6- Seçimlerin sonuçlanmasından itibaren AK Parti’ye yönelik özeleştiri yapma çağrıları sıklıkla ifade edilmekte. Acaba İslami camianın da kendi açısından bir özeleştiri yapma sorumluluğu yok mudur?
1-
13 yıllık bir aradan sonra koalisyon hükümetleri yeniden ülke gündemine girmiş durumda. Koalisyon dendiğinde ilk etapta dış politika, eğitim politikaları, özgürlükler, hukukun işlemesi, askerî vesayet, küresel işbirlikçilik gibi önemsediğimiz kazanımlardan ziyade toplumsal hafızada büyük çoğunlukla enflasyonist bir ekonomik seyir, batık bankalar, rantçılık, gecelik repo ve faizlerin tavan yapması, maaşlı insanların alım gücünün düşmesi gibi olumsuzluklar akla gelmekte. Elbette bunun nedenleri geçmişte yaşanan acı tecrübelerden kaynaklanmakta. Seçim sonrası bazı analizlerde toplumun dört partiye de tek başına iktidar olabileceği oy potansiyelini vermeyerek, partiler/kimlikler arası bir uzlaşmaya ya da koalisyona işaret ettiği şeklinde yorumlarla daha doğrusu yönlendirmelerle de karşılaştık.
Oysa gerçek bu değil. İçinde yaşadığımız toplumun büyük kesiminin koalisyon hükümetlerine ilk önce ekonomik kaygılarla sıcak bakmadığını biliyoruz. Ve hatta AK Parti’nin kimlik ve politikalarından haz etmeyen kimi toplum ve sermaye çevrelerinin dahi bahse konu kaygılarını seçim sonrasında dillendirdiklerine de tanık olduk. Dolayısıyla ‘Toplumda seçim yorgunluğu var!’, ‘Seçimlerin ve seçim ekonomisinin bir maliyeti var!’ gibi üstü örtük ve AK Parti’siz koalisyonu zorlayan çevrelere ait propagandanın toplumda bir karşılığının olmadığını söyleyebiliriz. 13 yıldır ilk defa koalisyonla da olsa iktidar olabilmeye bu denli yaklaştıkları bir seçim sonucunun koalisyon dışında yeniden bir erken seçimi doğurması, özellikle CHP açısından en son istenecek bir seçenektir. Dolayısıyla Bahçeli’ye “Başbakan sen ol!” teklifleriyle yaklaşmaları, MHP’yi HDP’nin destekleyeceği bir hükümete ikna etmeye çalışmaları şaşırtıcı olmasa gerek.
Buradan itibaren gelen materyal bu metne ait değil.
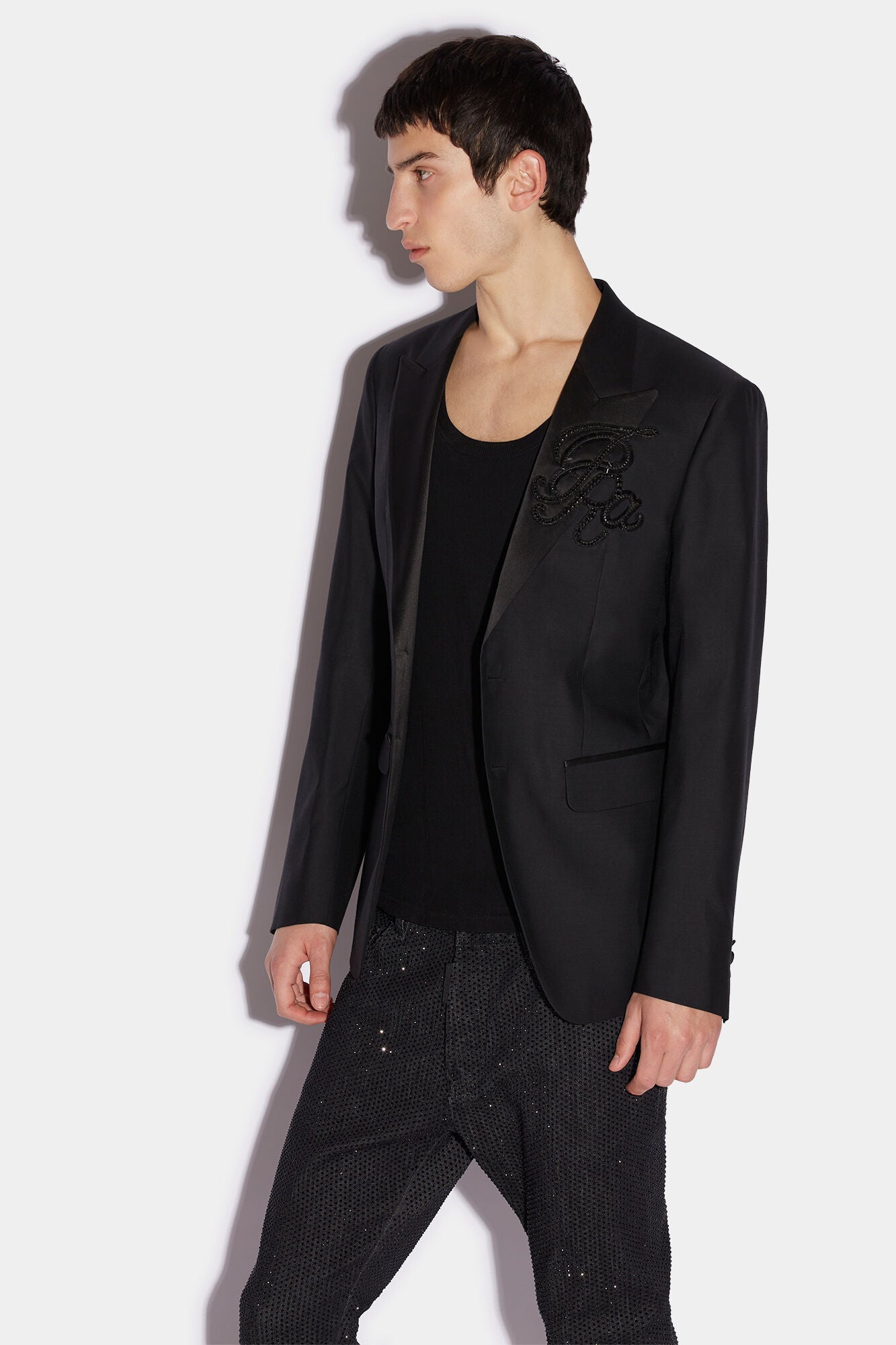 Dsquared² Black Fibres Blazer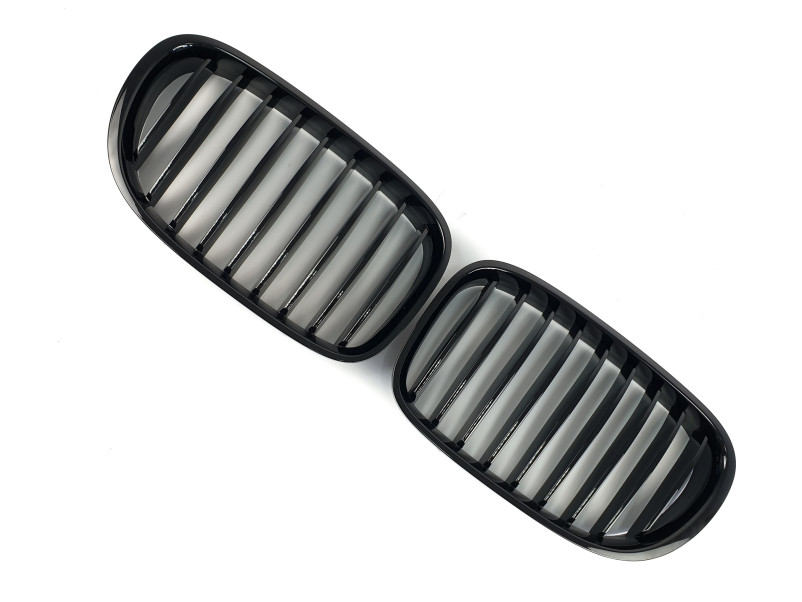 Ніздрі Чорний глянець ( 1 Bar ) V1 на BMW 7 Series F01 / F02 2008-2015 року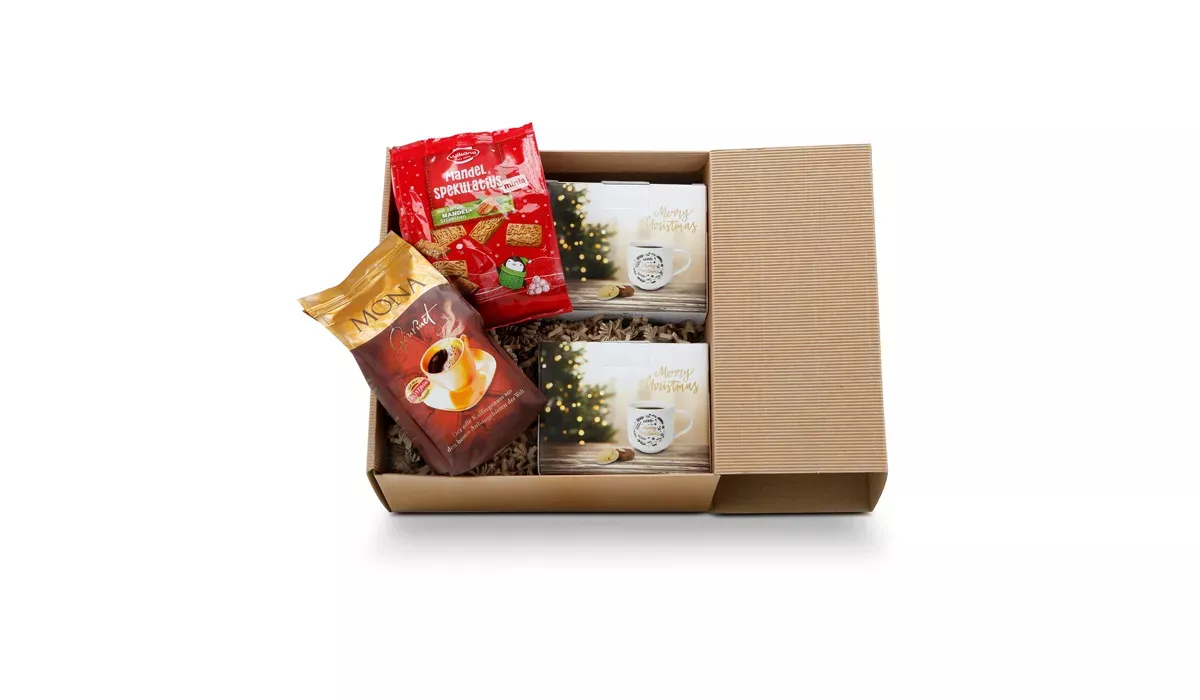 Gift box/Present set: Christmas coffee time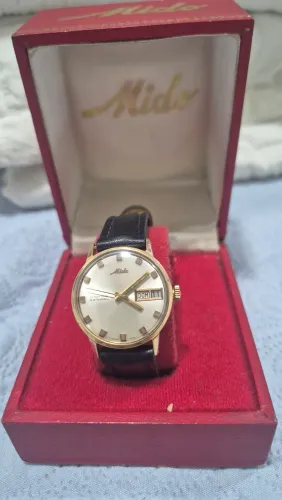 Relogio MIDO OCEAN STAR DATODAY  EM OURO   -  NA CAIXA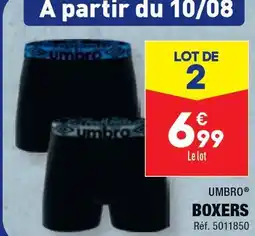 ALDI UMBRO BOXERS offre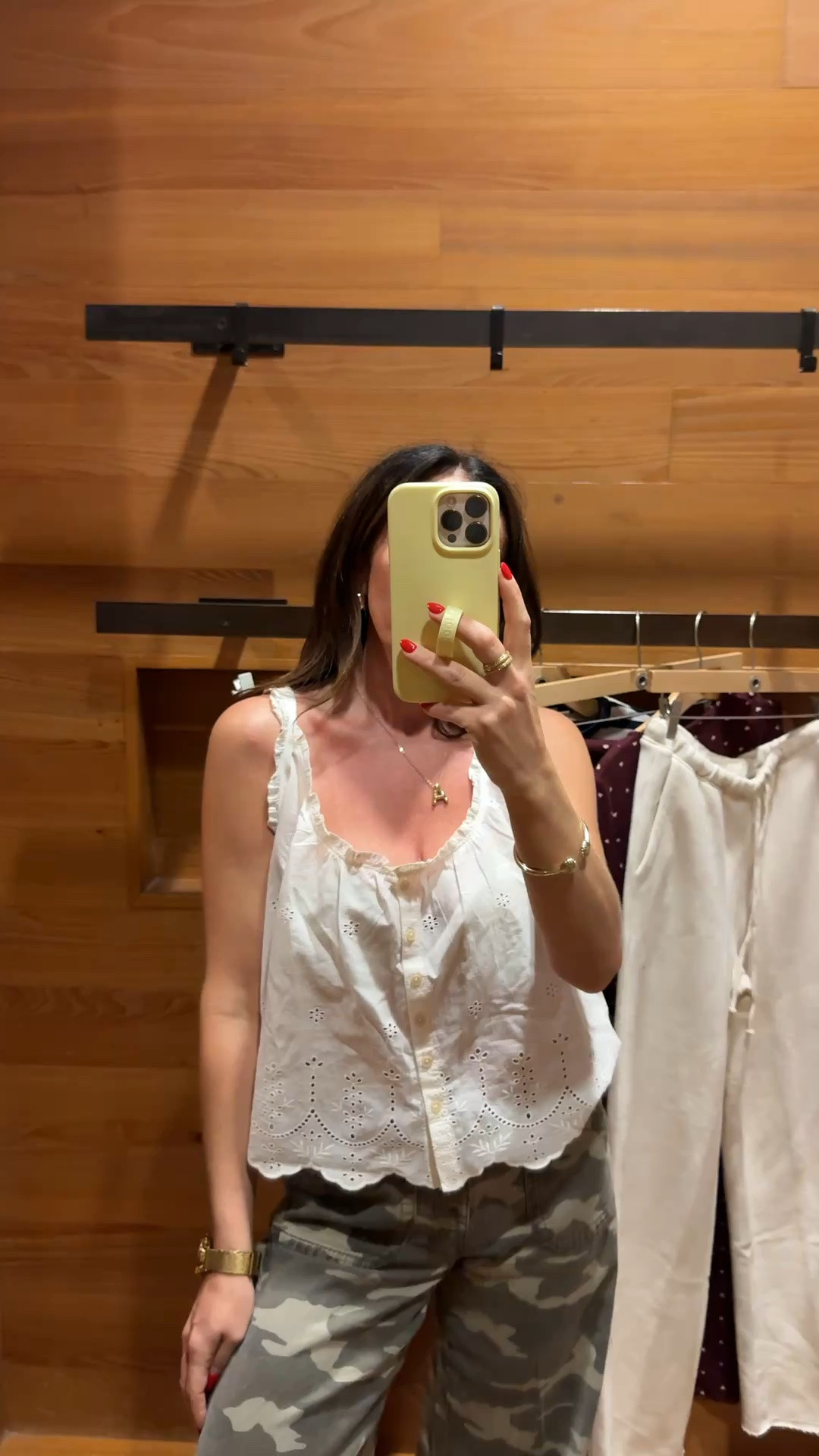 @American Eagle Outfitters the cutest camo pants with lace top.

#LTKSaleAlert #LTKSeasonal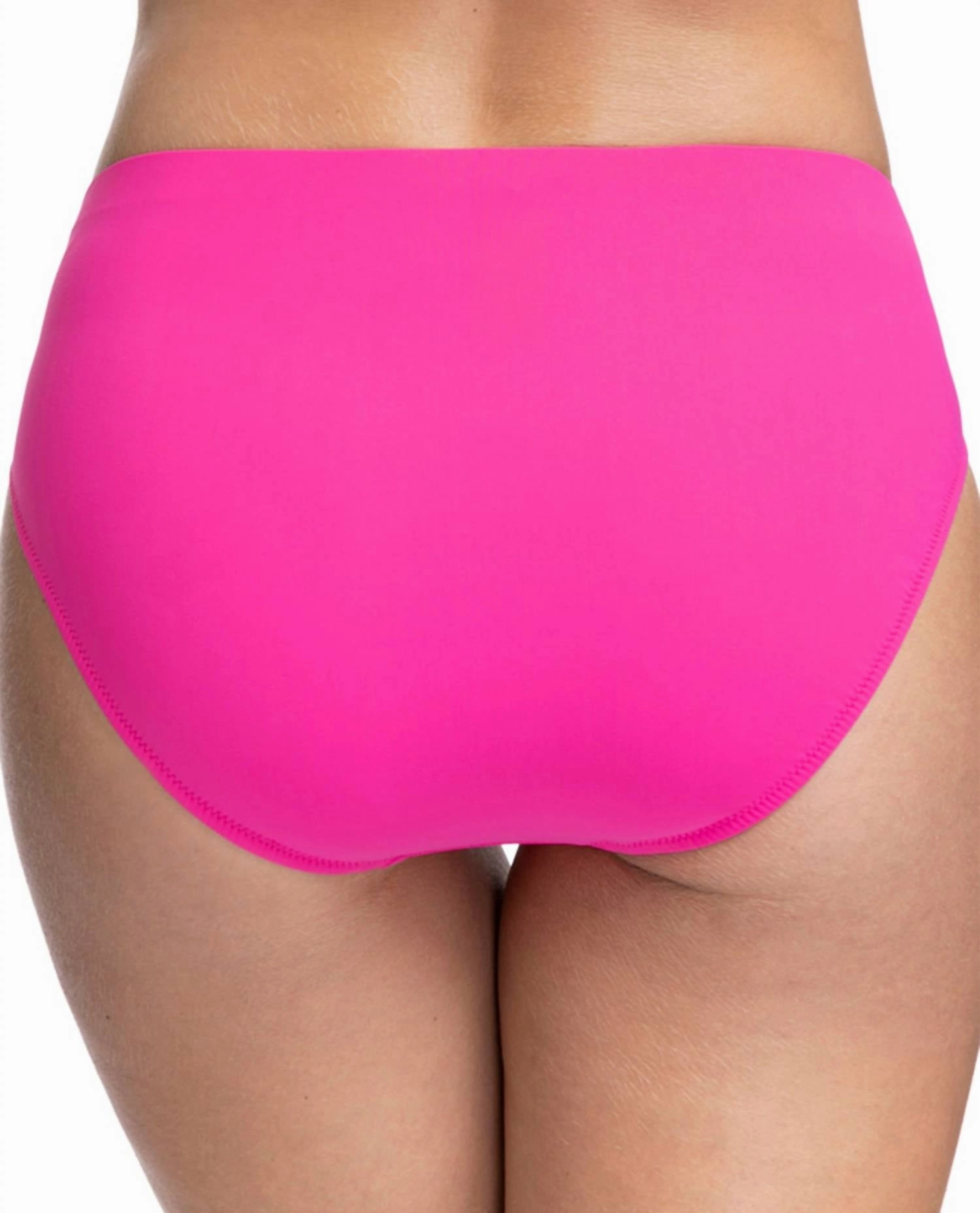 Mid Rise Tankini Bottom In Tutti Frutti Fuchsia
AK Parti Neden Oy Kaybetti?
Önce bir ayrım yapmamız lazım. Değilse ümmet maslahatının karşısında yer alan blokun algı tuzağında buluveririz kendimizi. AK Parti seçimi kaybetmedi, bilakis seçimi birinci parti olarak kazandı lakin ciddi bir oy kaybına da uğradı. AK Parti’nin seçimi kaybetmesi başka bir şey, seçimde oy kaybetmesi başka bir şey.
Seçim sonrasında %41 oy alan AK Parti’nin seçimleri kaybettiğine dair çok yaygın bir basın/propaganda faaliyetine tanık olduk. Tek başına iktidar olamadığı için en fazla oy alan parti olmasının hiçbir kıymeti harbiyesi yokmuşçasına oluşturulan algı, AK Parti seçmenini de İslami kesimi de etkiledi. Oysa seçimin üzerinden on gün geçmeden anlaşıldı ki, AK Parti’siz bir hükümet seçeneği mümkün gözükmüyor. MHP’nin, HDP’nin içinde olduğu bir seçeneği asla desteklemeyeceği açıklamaları bu durumu daha da netleştirdi.
Diğer taraftan olası bir AK Parti-MHP veya AK Parti-CHP koalisyonunun başarılı bir hükümet icrası halinde toplumda koalisyon kavramına olumsuz bakma eğiliminin aşınabileceğini, böyle bir durumun da ilerleyen seçimlerde AK Parti’nin tek başına iktidar olabilme imkânını azaltabileceğini söylemek mümkün. Olası bir AK Parti-MHP koalisyon hükümetinin sair gerekçelerle başarısız olması durumunda ise en fazla zararı MHP’den ziyade AK Parti görür.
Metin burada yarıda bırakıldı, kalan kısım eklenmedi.